Comment about --displthres step:

A threshold of 0.1 is too low, a value of 0.6-0.7 is more reasonable. A lower value can be occasionally used if overlapping regions have low contrast.

Comment about --merge step:

Using --oV, --oH, --sV, --sH does not make sense in this step.

Finally I noted that you plan to use CUDA code for the align step. Please cite the Frontiers in Neuroinformatics paper in your publications.

Hi Giulio,
Thanks so much for the clarification. I think I have understood the two level hierarchy concept.
I have created this xml file for a dataset of 3x9 mosaic (RxC), each tile having size 1211x2560x1018 (WxHxD), resolution 1208.179x1208.179x5000 nm, overlap ratio 10%. So I calculated the displacements as 1219x1.208179x0.90=1316um and 2560x1.208179x0.90=2873um. Then I have created folders with vertical and horizontal displacement names and put a 3D image inside each folder.
The the xml file is created using this command,
terastitcher --import --volin=test/ --volin_plugin="TiledXY|3Dseries" --volout=test/ --projout=test/myxml1.xml --ref1=Y --ref2=X --ref3=Z --vxl1=1.2 --vxl2=1.2 --vxl3=5 --imin_plugin=tiff3D
Could you please look into the attached xml file and let me know if this is correct? Thank you for your patience and I appreciate your help.

myxml1.xml.pdf

The xml seems correct.
Actually, when TeraStitcher generates an xml file, it adds at the beginning of the file the following standard lines:

But TeraStitcher should work even if these lines are missing.

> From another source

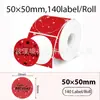 Papel térmico navideño adecuado para Jingchen B3S/De Tong P1, resistente al desgarro, papel de impresión navideña redondo de 50 mm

Thank you. I am able to successfully run it. The previous xml file WAS created by Terastitcher though, I did not create it manually.

Dear Giulio,
Sorry to bother you again. Just to clarify, is there a way to use multiple GPUs? I didn't find any documentation to use multiple GPUs, although I am able to run it on a single GPU. Also, while running, it is taking very low amount (~300MB) of GPU memory, although my GPU has 12GB memory. Is that the correct behaviour? Thank you for your time.

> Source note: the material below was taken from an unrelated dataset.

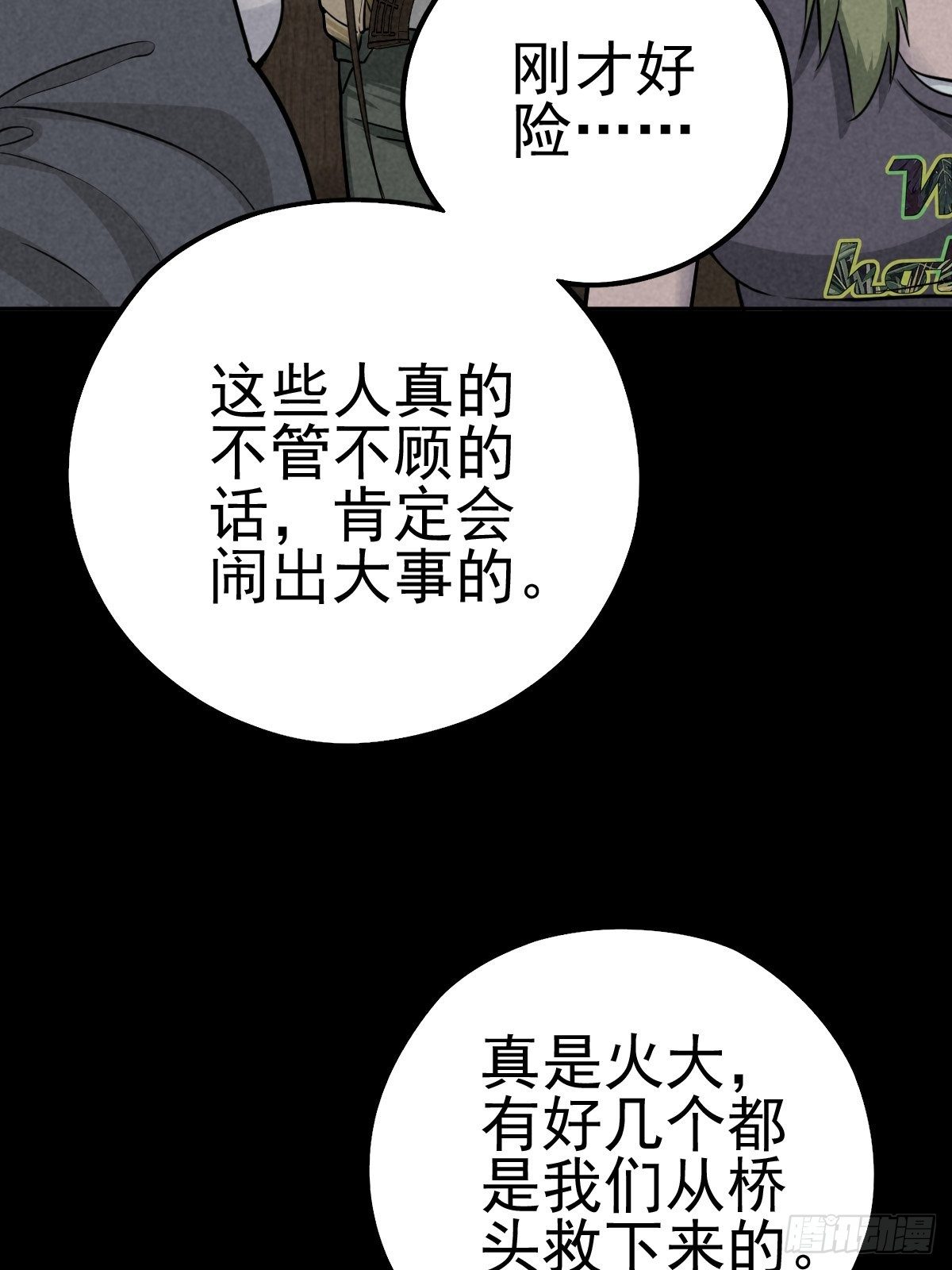 怀璧之罪(1/2)-第62话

The behavior is correct. Our tool is designed to minimize memory occupancy.

To use multiple GPUs, first download the last versions of the scripts from the "Multi-CPU with MPI" page of the wiki (https://github.com/abria/TeraStitcher/wiki/Multi-CPU-parallelization-using-MPI-and-Python-scripts). These script work also with Python3.

Second you should slightly change lines 286-289 as follows (the first two lines are new):

gpu = (myrank-1) % number_of_available_gpus
gpu_commands = "export USECUDA_X_NCC=1; export CUDA_VISIBLE_DEVICES="+ gpu +"; "
if debug_level > 0 :
execution_string = gpu_commands + prefix + list(input_file.values())[0] + " > " + "output_" + str(list(input_file.keys())[0]) + ".out"
else :
execution_string = gpu_commands + prefix + list(input_file.values())[0]

where number_of_available_gpus is the number of GPUs you have.